Available data
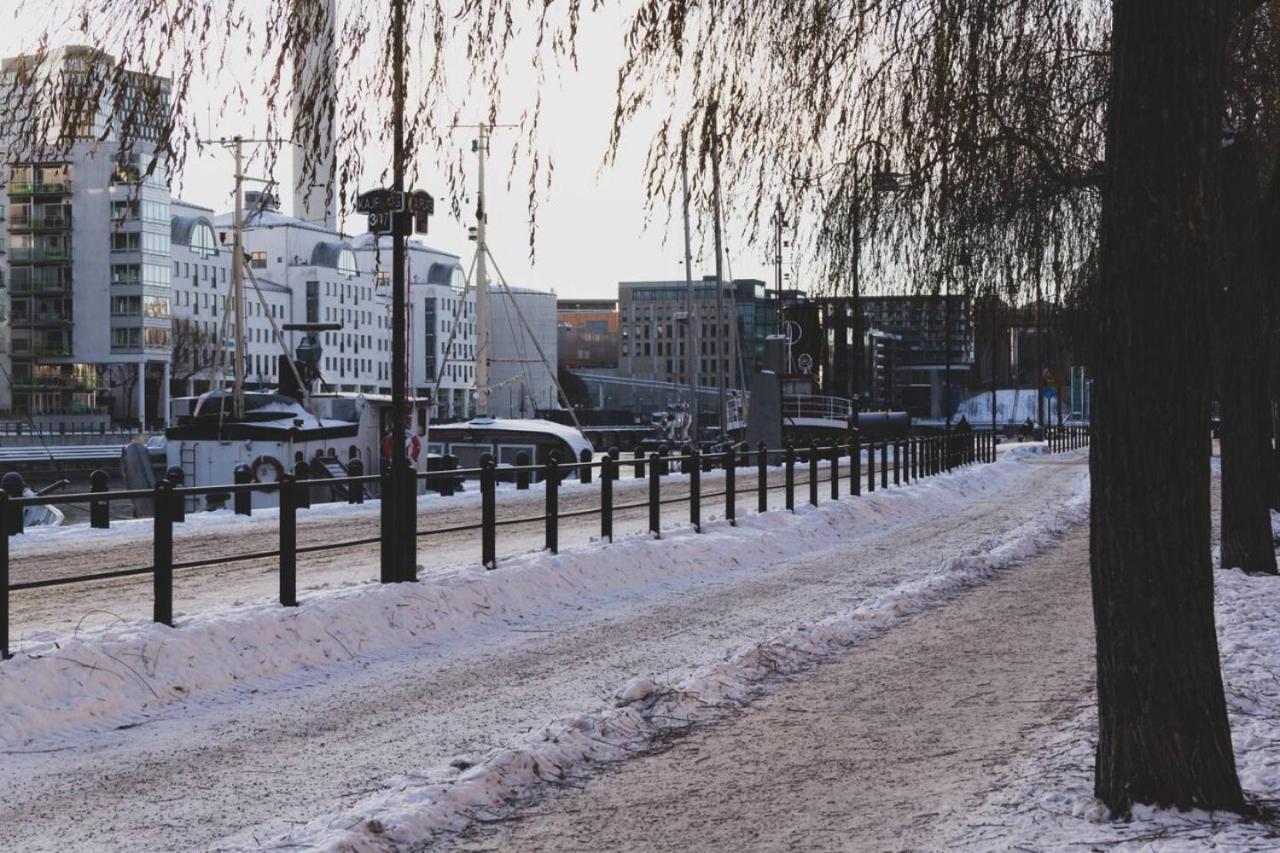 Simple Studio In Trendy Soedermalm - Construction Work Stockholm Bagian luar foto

==

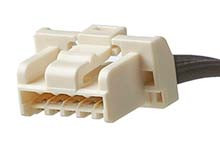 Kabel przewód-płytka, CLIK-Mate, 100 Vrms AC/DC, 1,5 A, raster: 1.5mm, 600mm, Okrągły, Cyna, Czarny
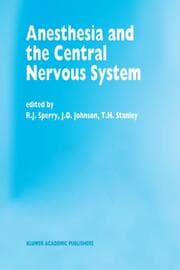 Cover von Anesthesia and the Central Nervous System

==

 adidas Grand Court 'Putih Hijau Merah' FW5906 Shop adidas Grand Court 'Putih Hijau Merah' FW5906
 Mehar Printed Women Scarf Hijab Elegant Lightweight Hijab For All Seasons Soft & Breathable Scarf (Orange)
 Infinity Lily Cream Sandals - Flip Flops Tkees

Task prompt
In the listing above, find the line with "adidas Grand Court 'Putih Hijau Merah' FW5906 Shop" and the line with "Infinity Lily Cream". Output those two lines and every line between them, exactly as written.

Task answer
 adidas Grand Court 'Putih Hijau Merah' FW5906 Shop adidas Grand Court 'Putih Hijau Merah' FW5906
 Mehar Printed Women Scarf Hijab Elegant Lightweight Hijab For All Seasons Soft & Breathable Scarf (Orange)
 Infinity Lily Cream Sandals - Flip Flops Tkees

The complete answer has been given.